>>>

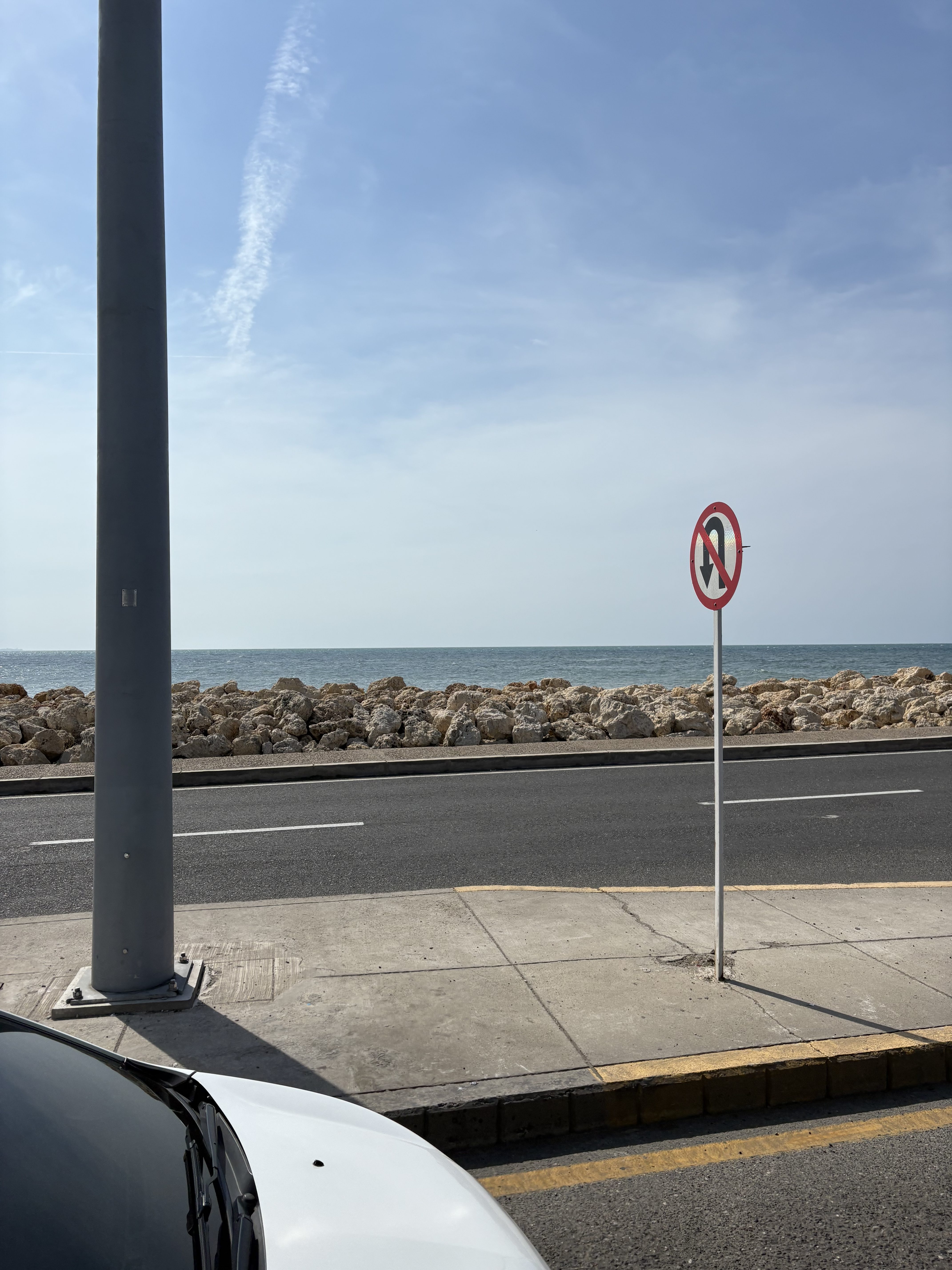 Coastal road with ocean view, cloudy sky, and a vehicle near the sidewalk.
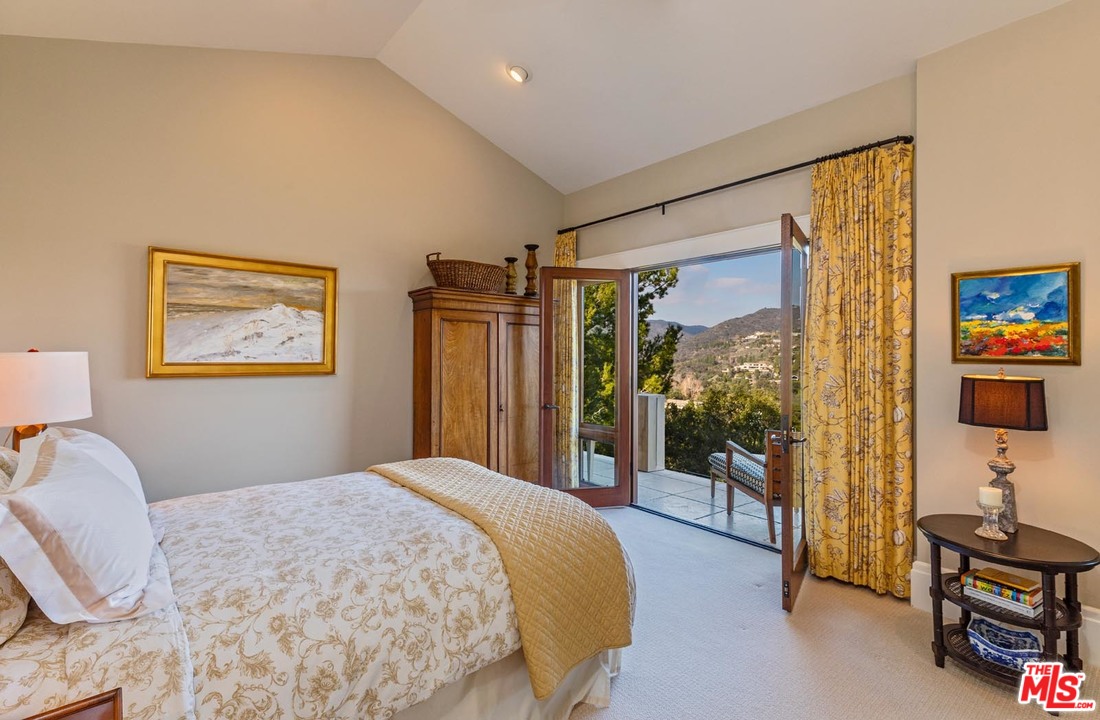 1870 Mango Way Los Angeles, CA 90049 - Photo 22 of 28 a bedroom with a bed and a flat screen tv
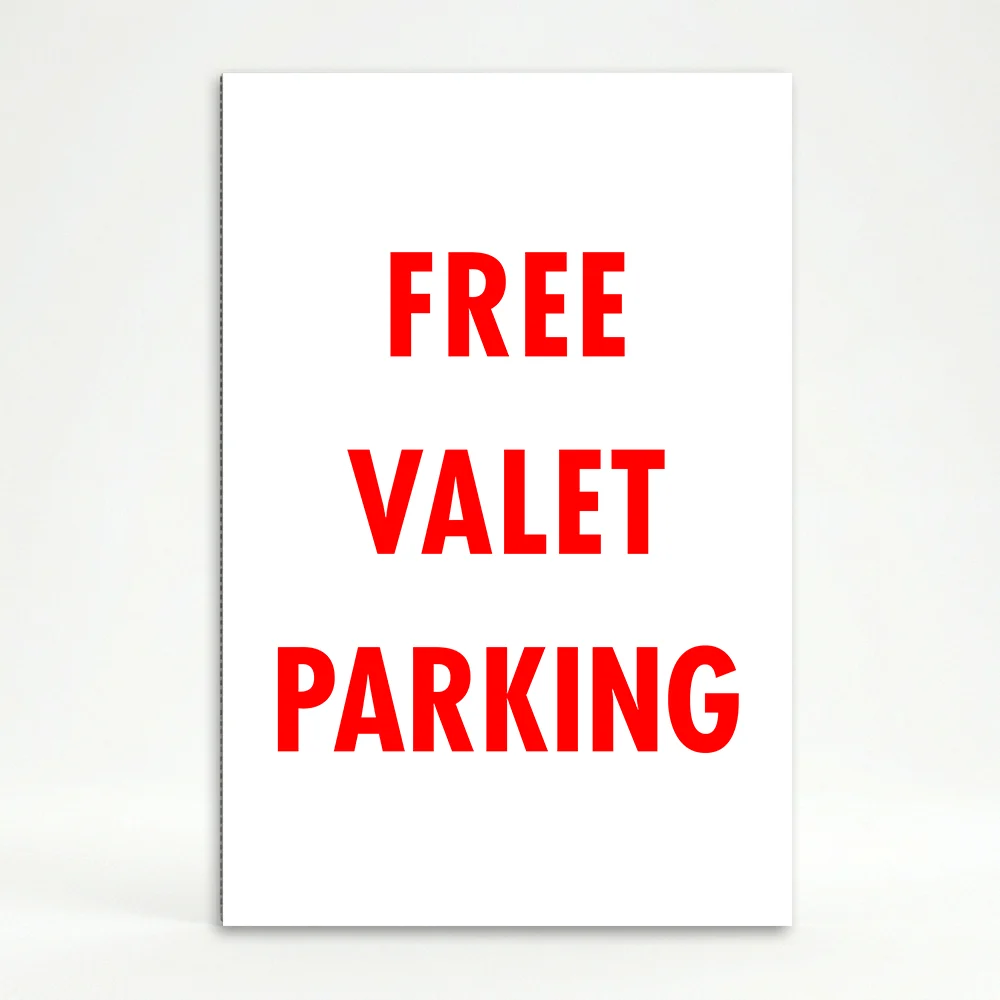 Free Valet Parking sign bold red text on white background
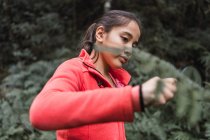 Bambino etnico focalizzato con foglia di pianta verde che guarda attraverso la lente d'ingrandimento nei boschi esplorando la foresta durante il giorno — Foto stock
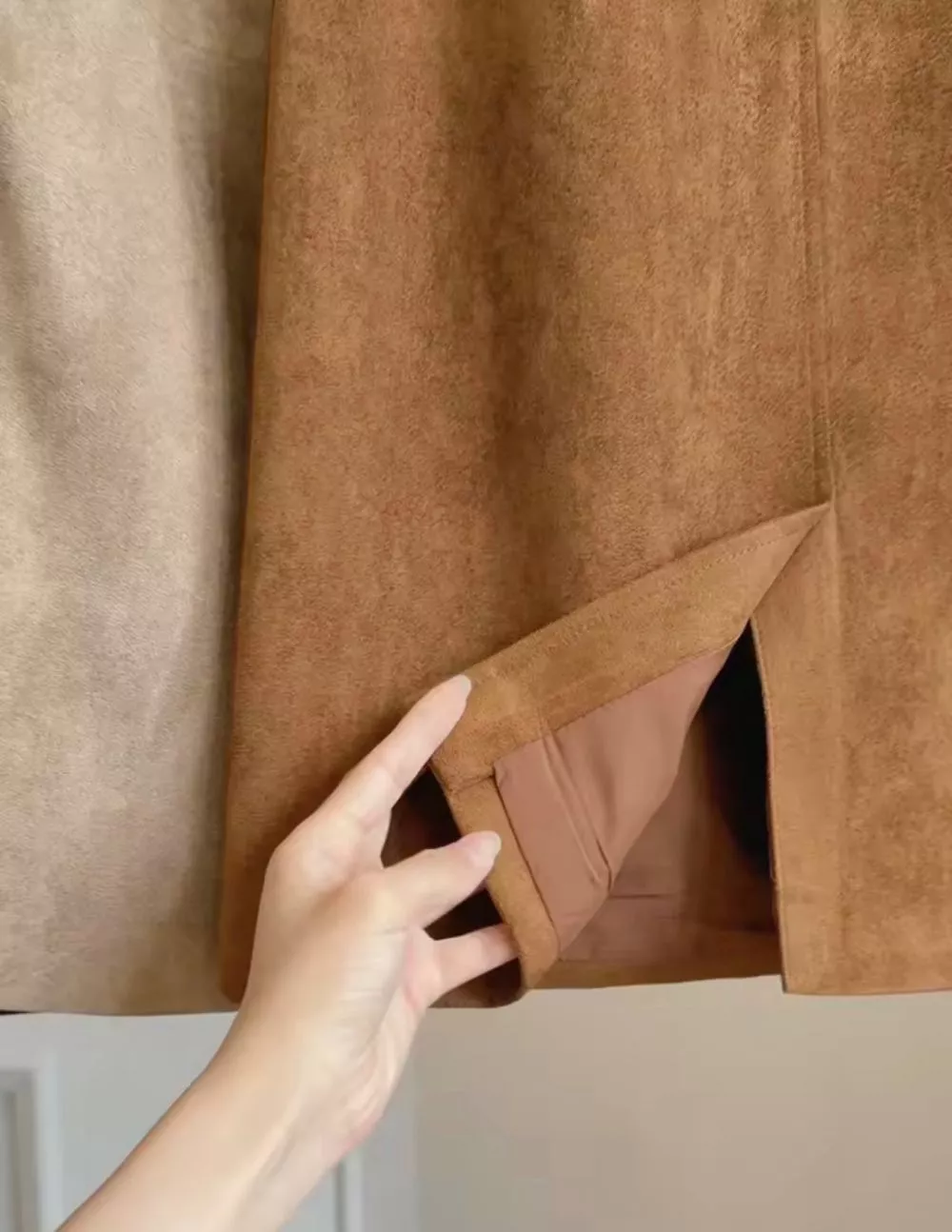 Dettaglio spacco e interno della gonna marrone chiaro con gonna beige chiaro accanto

<<<

▸ What the exercise asks
Reproduce all of the records above exactly, but exclude the pictures.

▸ Response
 Coastal road with ocean view, cloudy sky, and a vehicle near the sidewalk.
 1870 Mango Way Los Angeles, CA 90049 - Photo 22 of 28 a bedroom with a bed and a flat screen tv
 Free Valet Parking sign bold red text on white background
 Bambino etnico focalizzato con foglia di pianta verde che guarda attraverso la lente d'ingrandimento nei boschi esplorando la foresta durante il giorno — Foto stock
 Dettaglio spacco e interno della gonna marrone chiaro con gonna beige chiaro accanto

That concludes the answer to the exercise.